「軽くて柔らかいけど、傷つきやすい」。
そんな木材、杉の常識を覆す、驚くほど頑丈な杉の床板の開発に奈良県の会社が成功しました。
ことし4月、奈良県庁で披露されたのは、一見すると何の変哲もない杉の床板。
【開発した会社「ホーテック」・堀内嘉久 社長】
「(右手の板)傘でこすると、これで傷ついてしまいます。こちら(左手の板)はつかないんです…」
この床板、あの有名な吉野杉なんですが、いくらこすっても、いくら叩いても傷がほとんどつきません。
開発したのは奈良県大淀町の木材加工会社。
県と共同で2年間試行錯誤して作り上げたこの不思議な床板を『ハードフローリング』と名付けました。
【堀内社長】
「杉というのは、木自体に断熱性があり触ると暖かいという良さがある。

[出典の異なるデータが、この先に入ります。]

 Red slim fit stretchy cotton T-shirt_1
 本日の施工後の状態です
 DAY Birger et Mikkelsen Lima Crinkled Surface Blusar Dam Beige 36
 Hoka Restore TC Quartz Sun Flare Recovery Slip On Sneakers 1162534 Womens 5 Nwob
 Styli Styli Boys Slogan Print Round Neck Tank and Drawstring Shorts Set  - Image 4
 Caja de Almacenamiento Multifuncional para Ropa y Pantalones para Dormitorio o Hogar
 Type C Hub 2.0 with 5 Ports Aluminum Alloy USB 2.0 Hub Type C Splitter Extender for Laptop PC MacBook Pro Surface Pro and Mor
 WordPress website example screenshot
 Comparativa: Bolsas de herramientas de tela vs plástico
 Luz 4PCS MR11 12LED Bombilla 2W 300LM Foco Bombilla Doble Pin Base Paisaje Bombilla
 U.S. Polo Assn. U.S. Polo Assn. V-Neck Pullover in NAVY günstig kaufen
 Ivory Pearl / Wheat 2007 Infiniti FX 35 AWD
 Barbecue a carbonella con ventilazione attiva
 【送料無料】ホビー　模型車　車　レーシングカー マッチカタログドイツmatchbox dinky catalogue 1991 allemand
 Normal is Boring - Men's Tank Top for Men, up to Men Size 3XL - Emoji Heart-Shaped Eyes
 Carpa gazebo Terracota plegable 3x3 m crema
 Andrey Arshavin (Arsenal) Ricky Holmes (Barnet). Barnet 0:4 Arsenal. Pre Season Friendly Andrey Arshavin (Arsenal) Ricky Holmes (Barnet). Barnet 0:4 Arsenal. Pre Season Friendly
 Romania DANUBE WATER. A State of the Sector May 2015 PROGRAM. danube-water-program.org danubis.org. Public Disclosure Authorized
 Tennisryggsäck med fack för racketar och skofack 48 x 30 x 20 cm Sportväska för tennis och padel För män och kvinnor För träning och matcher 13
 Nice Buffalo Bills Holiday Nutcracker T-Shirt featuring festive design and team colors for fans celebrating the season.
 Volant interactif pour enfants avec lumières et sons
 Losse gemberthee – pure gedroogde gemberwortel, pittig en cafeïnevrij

その反面、柔らかいから傷がつきやすいということで、なかなか杉のフローリングを使ってもらえなかった」
杉の木材を硬くするには、全体を圧縮したり、空気層を樹脂で埋めたりする方法がありますが、断熱性が損なわれてしまいます。
堀内社長らは、木材を加熱しながら表面だけを押し潰して強化し、表面に特殊な樹脂をコーティングする技術を開発しました。
これにより、断熱性を保ったまま、何も加工していない杉の9倍の硬さを持つ木材が誕生。
ドライバーでいくらひっかいても、傷がつきません!
【堀内社長】
「奈良県の場合は70数%が森林ですので、そういう恵まれた材をこれから如何にたくさん使うかということ。そのためには新しい品物を作ってお客さんに喜んでいただけるものを作らないといけない」
この傷つきにくい床板を早速取り入れた家が、天川村にあります。
大広間いっぱいに敷き詰められた床板はまるで木のじゅうたん。
家中が杉の香りに包まれています。
去年の台風12号による豪雨で実家が浸水した消防士の南勝美さん(50)は、水に浸かった畳の運び出しに苦労した経験から、床を『ハードフローリング』にすることに決めました。